A thirty-two wheel flatbed truck called a transport erector pulls across an intersecting road, headed down valley. Lashed to the truck, like Gulliver in the land of Lilliputians, is an impotent LGM-118A Peacekeeper missile. Pukowlski gestures toward a Humvee on the ridge just below them where five men in suits watch the truck leave. “There the U.N. boys now. I would have asked them to join us, but I’d hate ‘em to see a grown man cry.”
Susan Burns studies Pukowlski, who appears truly anguished. “If it’s so painful, why insist on being here? Why punish yourself?”
“You asking that in your professional capacity?”
“Would the answer be different if I were?” she asks.
“Nah, I just wanted to lie down on a couch, that’s all. ‘Course if I raise hell about destroying the Peacekeepers, you’ll write me up for being a warmongering psycho.”
“We’re still deploying Minutemen III’s and Polaris missiles, and we’ll still have thirty-five hundred nuclear warheads even after START II is fully implemented, so what’s the problem?”
He doesn’t answer, but instead points toward the silo where workers in hard hats are stringing cable around the perimeter of the open hole. “I hate to see anything destroyed, much less anything this beautiful. We’re talking about man’s greatest achievement, the ability to launch a hundred ninety-five thousand pound vehicle straight out of the ground and send a tin can filled with ten independently targetable warheads halfway around the world at eight times the speed of sound and then hit a bullseye on the Kremlin.”
“And that’s our greatest achievement?” Dr. Burns asks, astonished.
“Do you have any idea the technology that’s gone into this? The autonetics, the aerodynamics, the ballistics, the nuclear weaponry?
“I think I have a rough idea.”
He raises his voice. “Then what is there to compare with it? Run-proof panty hose?”
Susan Burns bristles. “That is completely uncalled for, captain, and makes me doubt your ability to fairly command a unit of both men and women.”

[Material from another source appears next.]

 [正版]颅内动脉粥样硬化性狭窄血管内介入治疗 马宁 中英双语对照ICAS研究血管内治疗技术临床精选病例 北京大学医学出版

“I’m sorry, Doctor. It’s hard to teach an old dog like me. I remember the first time I saw one of these big cocks — pardon me again, Doc — shooting out of the ground at Vandenberg in a night launch. Jesus, it was like God himself pulled the trigger and lit up the sky. So, I’m serious when I say, what is there to compare with our nuclear technology?”

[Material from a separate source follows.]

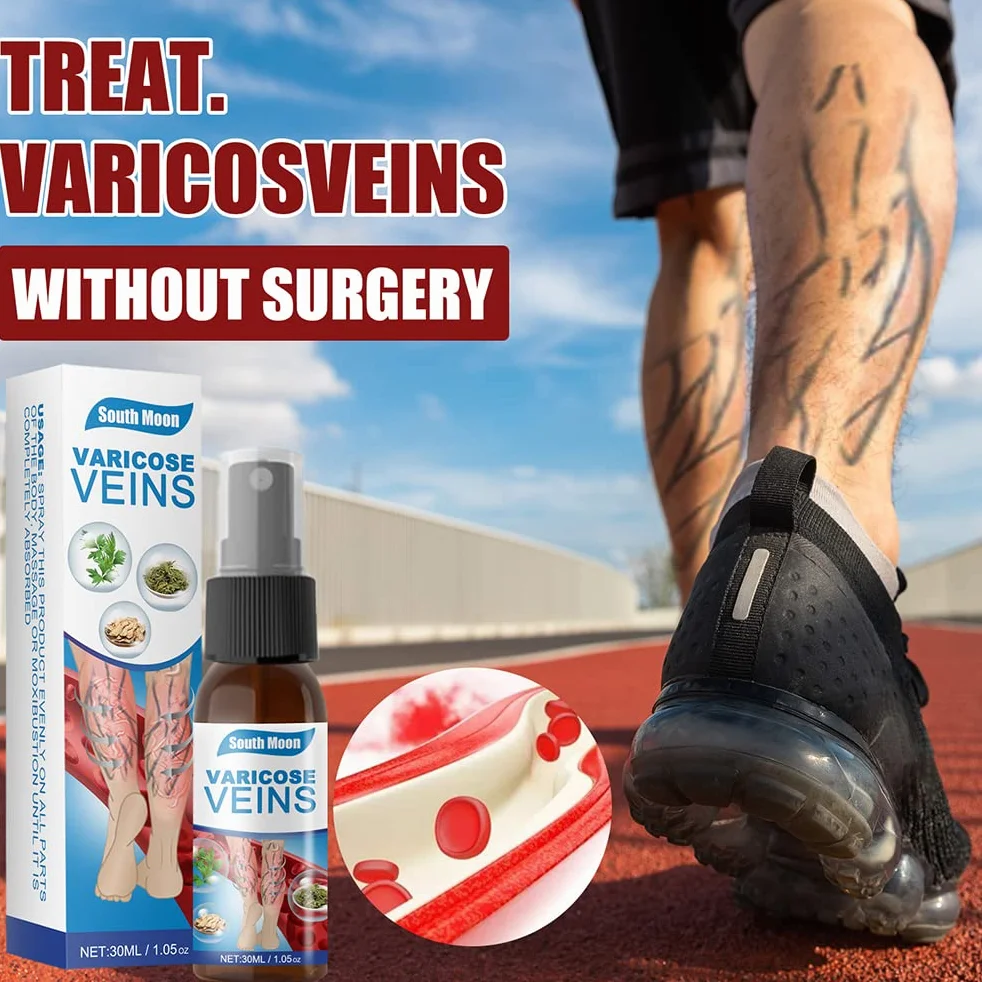 Veinhealing Veins Treatment Spray, 3 szt. Spray do żylaków Veinhealing, naturalny spray ziołowy dla żylaków, 30 ml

“Many things. The discovery of antibiotics, the U.S. Constitution, Mozart’s Requiem Mass — anything but this.” She motions toward the hole where the men have finished laying the cable.
“This,” Pukowlski says, “has kept us strong and free.”
“We’re losing focus here, captain. It’s not the technology that I deal with. I’m concerned about the combat readiness of the men and women who will work in the remaining missile squadrons. What’s their attitude now that the Cold War is over? Are they alert? Are they disciplined?”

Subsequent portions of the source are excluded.